By Colleen Flaherty
Fort Hood Herald
Laura Wombacher broke into tears even before the buses pulled away down Battalion Avenue, revealing her son and the other 6th Squadron, 9th Cavalry Regiment, 3rd Brigade, 1st Cavalry Division, troopers who returned from Iraq last week.
The Saber squadron deployed in March to south-central Iraq on 12-month orders. It came home Nov. 9, about four months early, due to the end of U.S. troop involvement in the country, after transferring full control of Contingency Operating Base Delta to Iraqi security forces late last month.
There are no U.S. troops left in Wasit province, which was home to troops from Fort Hood's 3rd Armored Cavalry Regiment before Saber.
"It's very exciting," Wombacher said, her voice cracking as she caught the first glimpse of the soldiers across Cooper Field, newly arrived from Robert Gray Army Airfield. "(I was) missing him like crazy and worried sick."
Wombacher and her two youngest children, Mallory Jones, 17, and Nick Wombacher, 13, drove 14 hours from Missouri to attend the early-morning homecoming ceremony for their son and brother, Spc. Kyle Jones.
"Every mile was worth it," the mother said.
Mallory, Nick, and Kyle Jones' wife, Samantha Jones, all held up signs calling their soldier a hero and welcoming him home in glittery, red and blue letters.
Kyle Jones' 17-month-old son, Ayden, gripped a sign that read: "I'm here to pick up my daddy!"
Samantha Jones said she and her husband, both 21, moved to Central Texas shortly before his March deployment. It was difficult moving from her native Midwest to be left alone months later.
"I thought this day would never come. ... I didn't think we could do it. But we made it work, me and Ayden," she said.

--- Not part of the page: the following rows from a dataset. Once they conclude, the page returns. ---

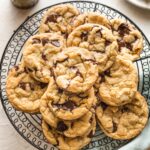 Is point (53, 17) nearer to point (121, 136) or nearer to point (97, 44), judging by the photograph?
point (97, 44)

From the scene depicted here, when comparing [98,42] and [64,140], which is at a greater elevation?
[98,42]

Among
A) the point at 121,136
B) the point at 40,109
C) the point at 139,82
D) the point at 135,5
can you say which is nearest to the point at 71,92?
the point at 40,109

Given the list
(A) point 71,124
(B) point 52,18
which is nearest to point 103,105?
(A) point 71,124

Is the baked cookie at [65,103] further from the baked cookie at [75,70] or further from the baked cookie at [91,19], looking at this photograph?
the baked cookie at [91,19]

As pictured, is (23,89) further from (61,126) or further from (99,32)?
(99,32)

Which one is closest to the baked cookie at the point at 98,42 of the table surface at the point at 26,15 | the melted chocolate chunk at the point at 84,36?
the melted chocolate chunk at the point at 84,36

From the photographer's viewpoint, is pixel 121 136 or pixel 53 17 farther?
pixel 53 17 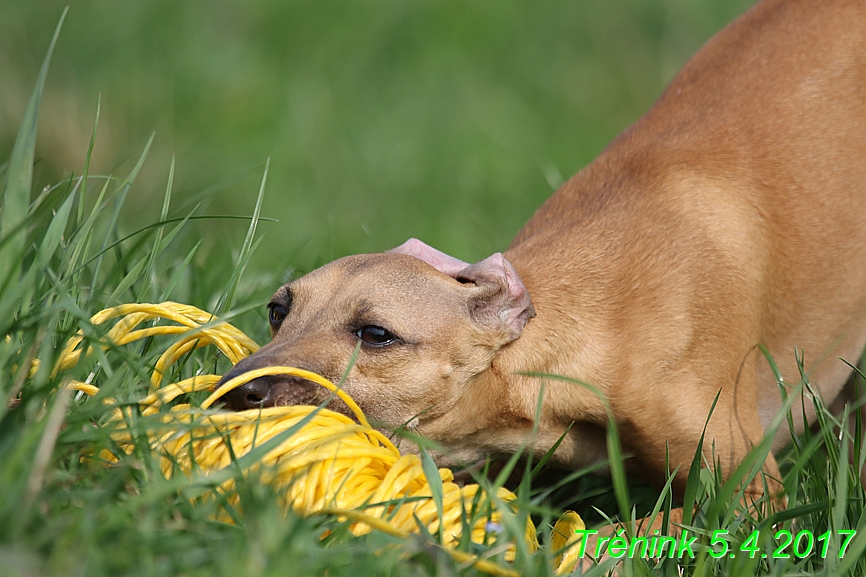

That her husband's deployment was cut short, especially in time for the holidays, was "the best Christmas present ever."
Due to the initial uncertainty of the deployment's timeline, Kyle Jones previously had recorded his voice reading a Christmas book. "I was hoping we didn't have to use it," said Samantha Jones, smiling.
Nick said he was proud of his big brother for "just how he was brave enough to go to Iraq and that he survived."
Smiling as the soldiers advanced to the giant 1st Cavalry Division emblem on the field, Mallory said, "He's my hero. He's always been my hero. He's a strong man."
Following a squadron colors-uncasing ceremony, families were cleared to "charge" their soldiers on the field.
With Ayden in her arms, Laura Wombacher let fly a pair of American flag balloons. Seconds later, Kyle Jones emerged from the sand-colored, digital-print storm of uniforms before the family.
"I'm just so happy to be home and see everyone," the soldier said, grinning, assessing the growth of his young son. Upon leaving Iraq for the first and likely last time in his life, he said: "It was great knowing we were finishing up and taking off."
Kyle Jones said he was most looking forward to spending time with his wife in the weeks ahead.
The uncasing, led by squadron commander Lt. Col. Cameron Cantlon and Command Sgt. Maj. Richard Burnette, signaled that most of the squadron has returned from Operation New Dawn, the final stage of the Iraq War. About 262 soldiers were on the flight.
In Iraq, the squadron worked to suppress the insurgency, re-established partnerships with Iraqi leaders and assisted national security forces. It also conducted humanitarian aid missions and reconstruction projects.
Since, 2009, when Cantlon last left Iraq, "it had changed," he said. "It had changed a lot. I was happy to see the Iraqis had taken charge."
Cantlon said he was confident the final security and other measures Saber helped solidify could continue without a U.S. presence. "They have everything they need."